BEGIN Dataset content

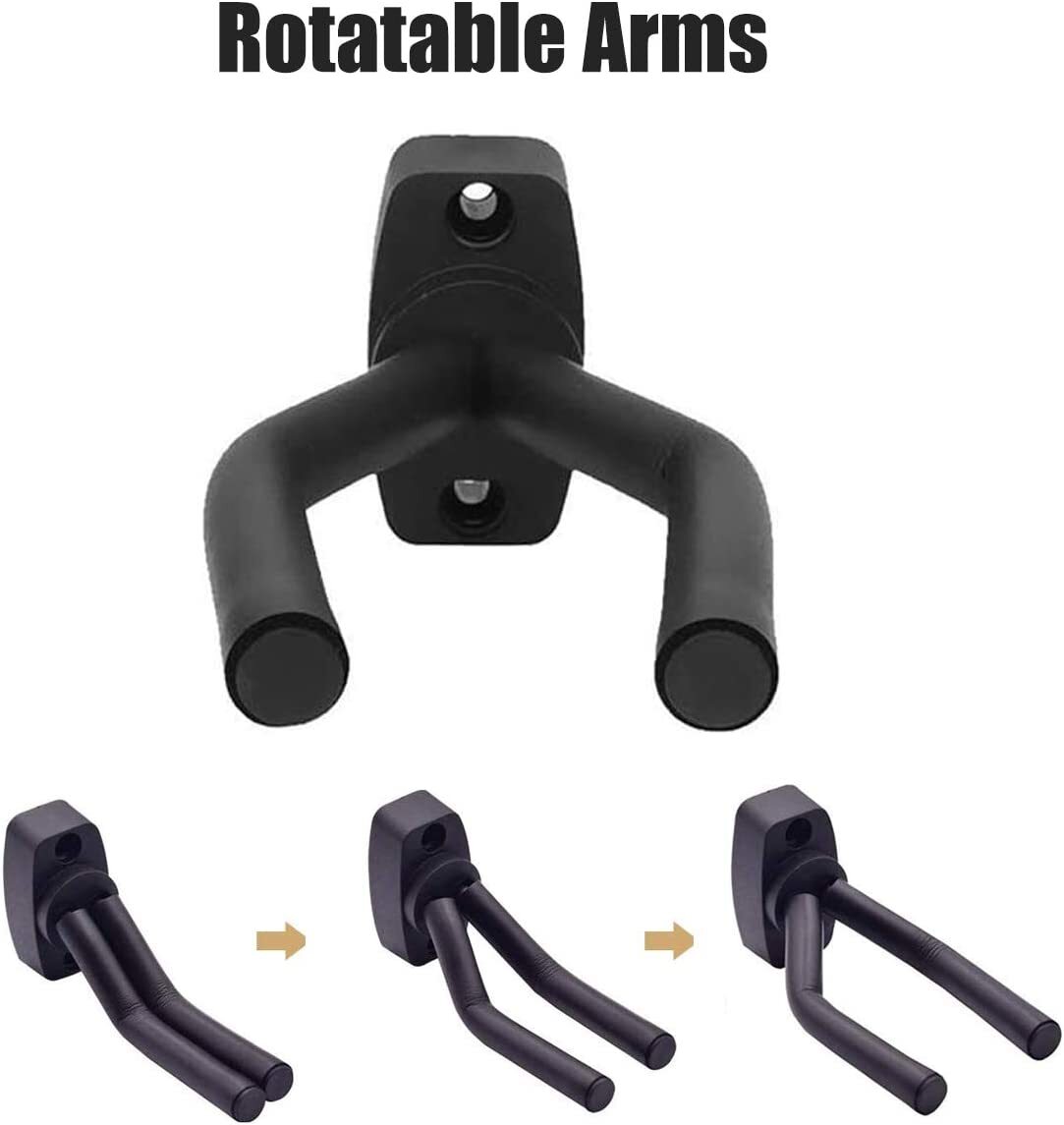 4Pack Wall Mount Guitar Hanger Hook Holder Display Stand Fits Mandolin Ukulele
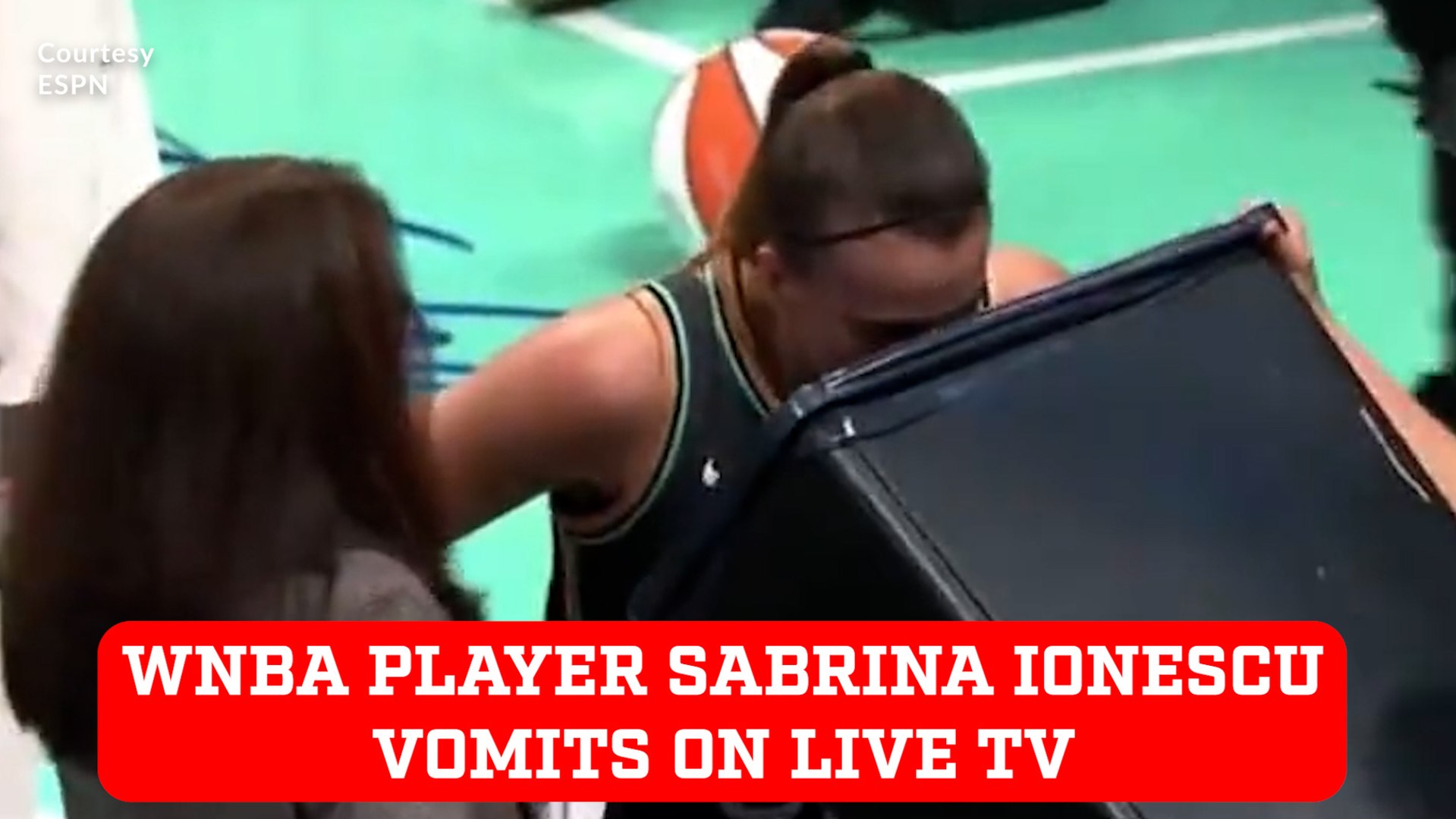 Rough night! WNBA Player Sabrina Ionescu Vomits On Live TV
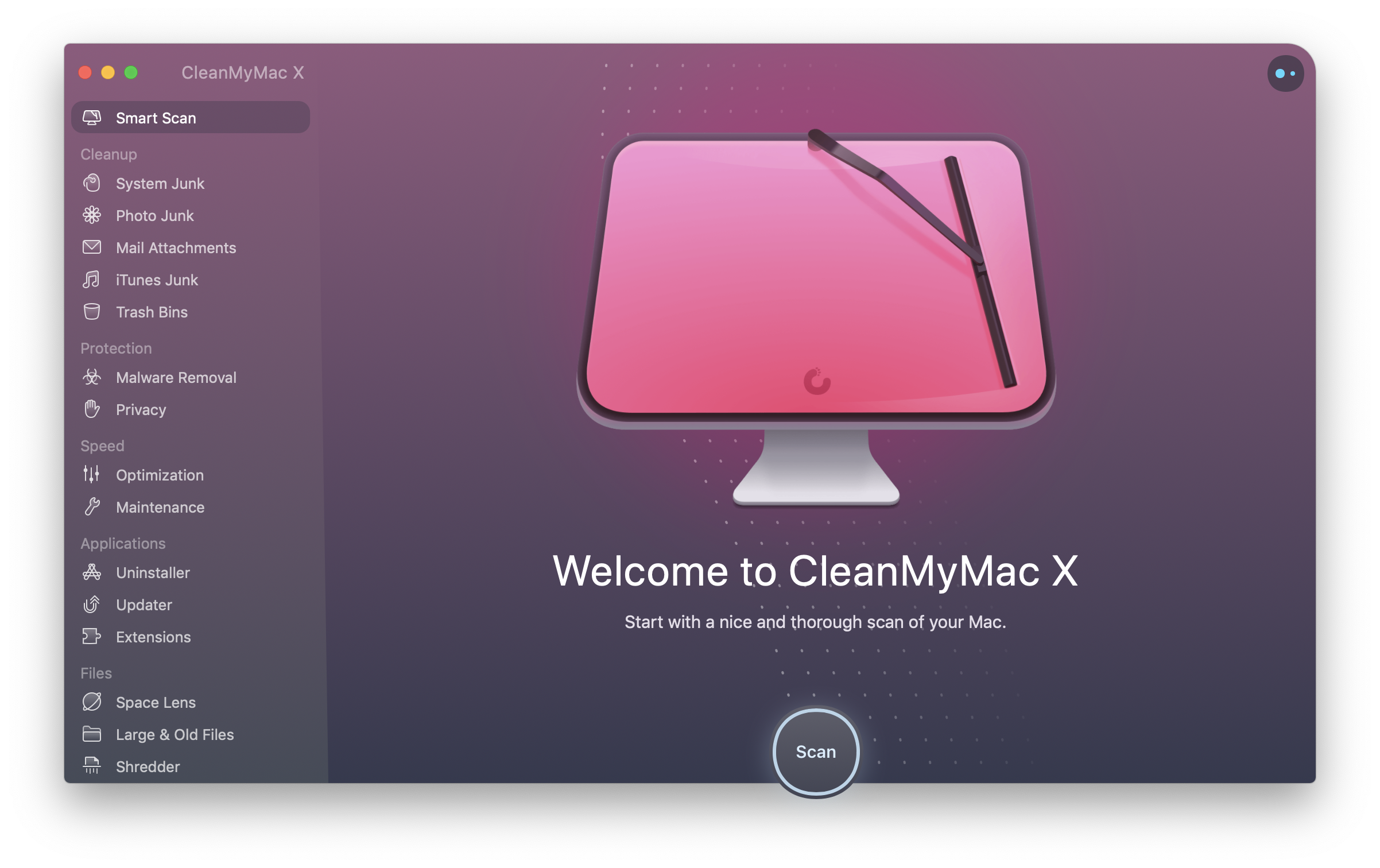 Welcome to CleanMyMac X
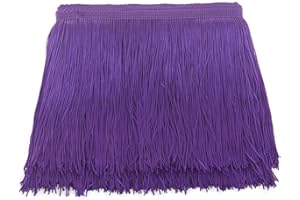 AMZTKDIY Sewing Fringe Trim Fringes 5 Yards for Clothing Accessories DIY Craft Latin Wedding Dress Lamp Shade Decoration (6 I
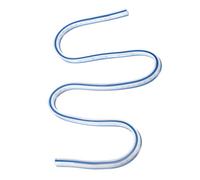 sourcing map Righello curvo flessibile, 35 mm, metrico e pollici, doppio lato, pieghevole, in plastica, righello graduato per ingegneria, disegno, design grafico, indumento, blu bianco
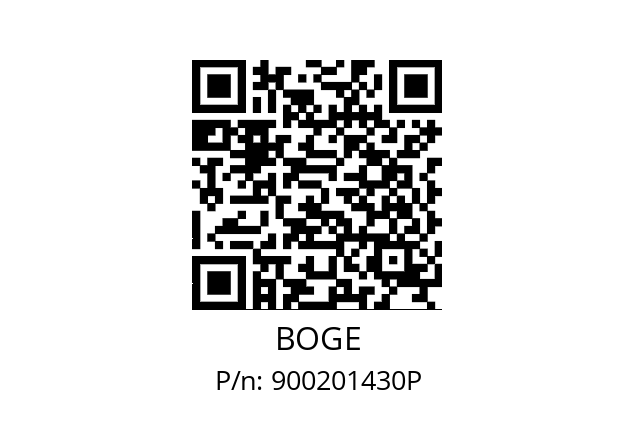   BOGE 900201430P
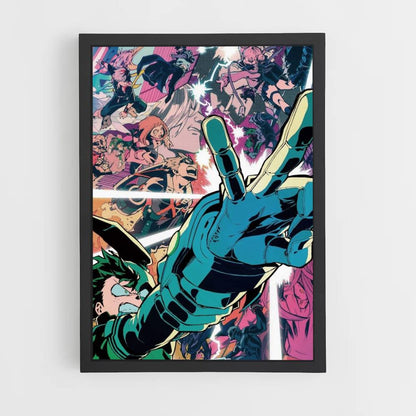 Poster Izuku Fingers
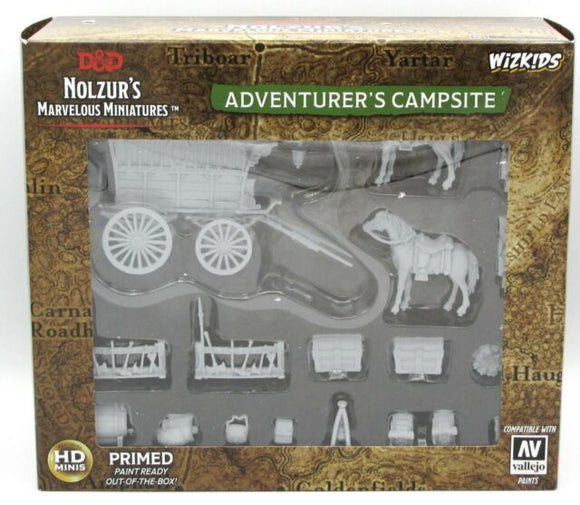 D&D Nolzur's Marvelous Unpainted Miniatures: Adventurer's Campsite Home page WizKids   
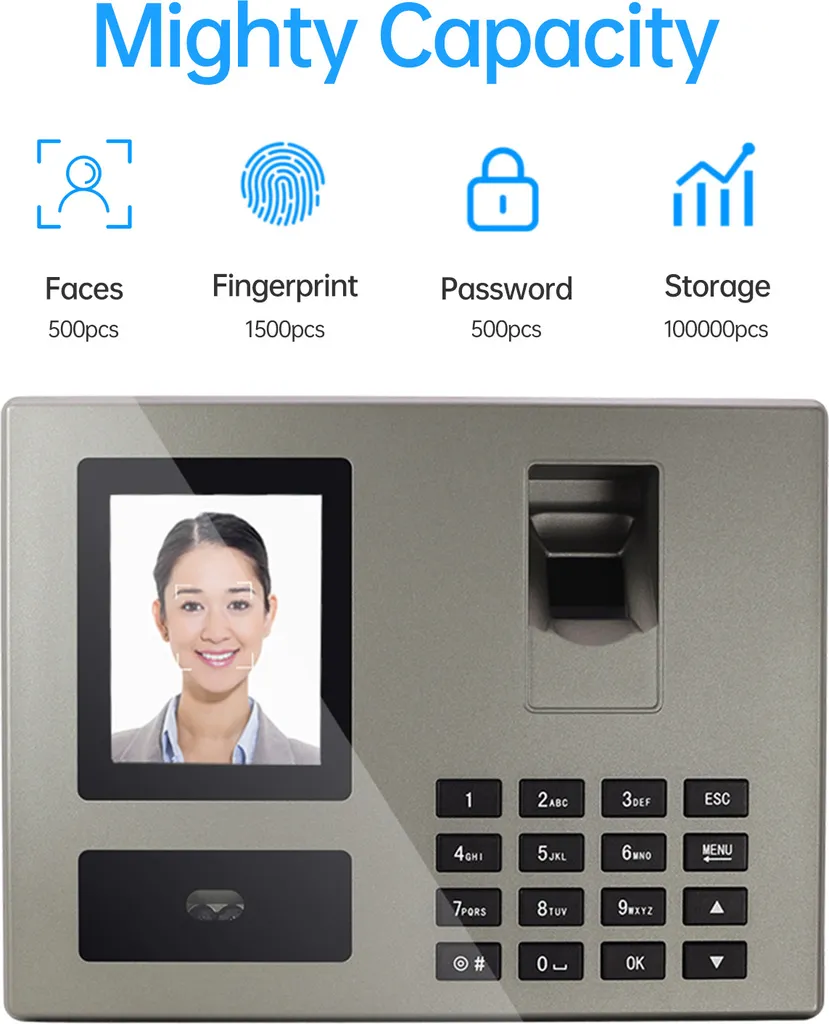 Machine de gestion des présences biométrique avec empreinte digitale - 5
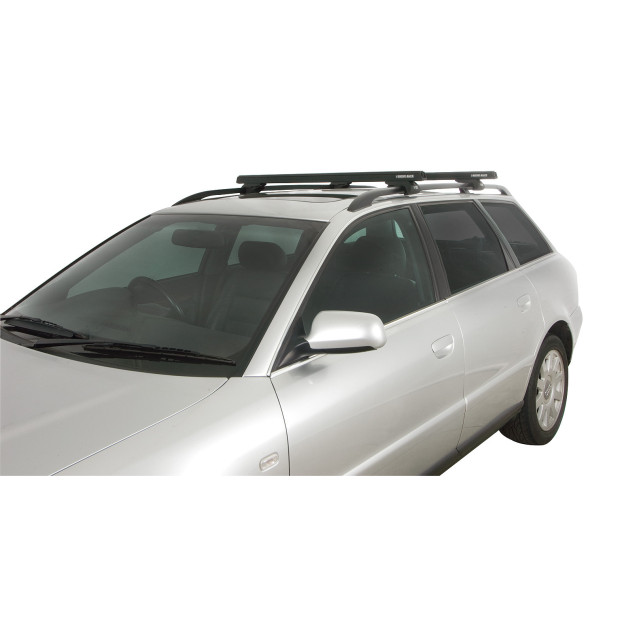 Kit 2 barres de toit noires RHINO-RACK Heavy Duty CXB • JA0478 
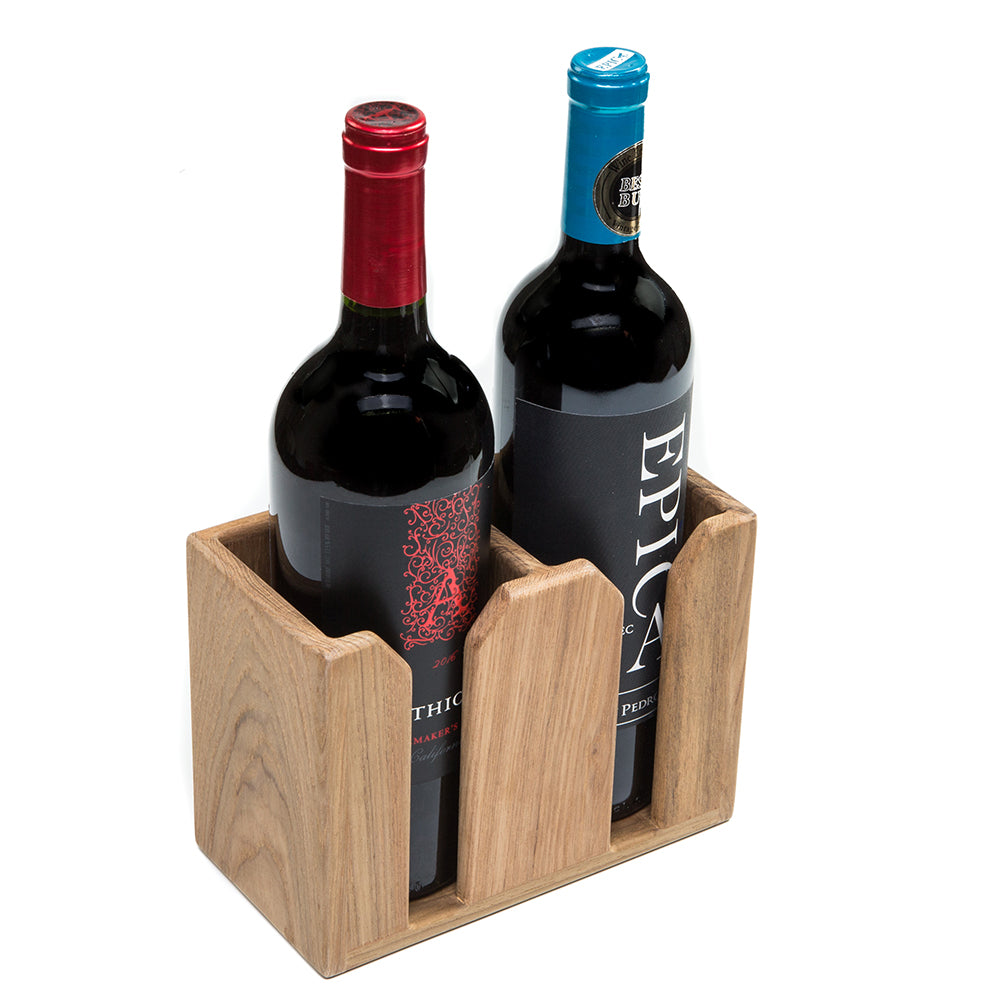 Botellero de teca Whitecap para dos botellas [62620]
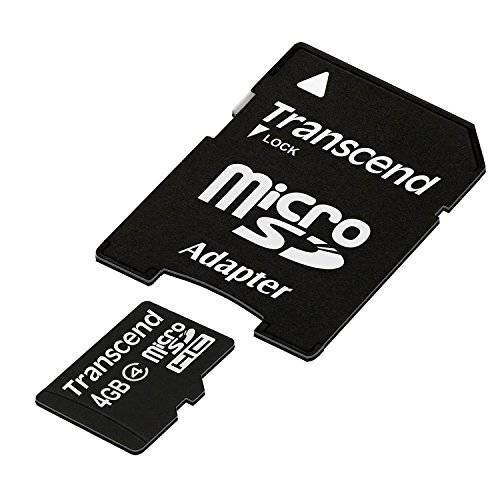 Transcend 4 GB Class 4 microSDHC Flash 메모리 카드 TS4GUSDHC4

END Dataset content

Action item – Working from the data above, repeat exactly, and only, the lines that begin at the line containing "BOGE 900201430P" and stop after the line containing "Kit 2 barres"; pictures are not copied.

Solution to this exercise –
   BOGE 900201430P
 Poster Izuku Fingers
 D&D Nolzur's Marvelous Unpainted Miniatures: Adventurer's Campsite Home page WizKids   
 Machine de gestion des présences biométrique avec empreinte digitale - 5
 Kit 2 barres de toit noires RHINO-RACK Heavy Duty CXB • JA0478 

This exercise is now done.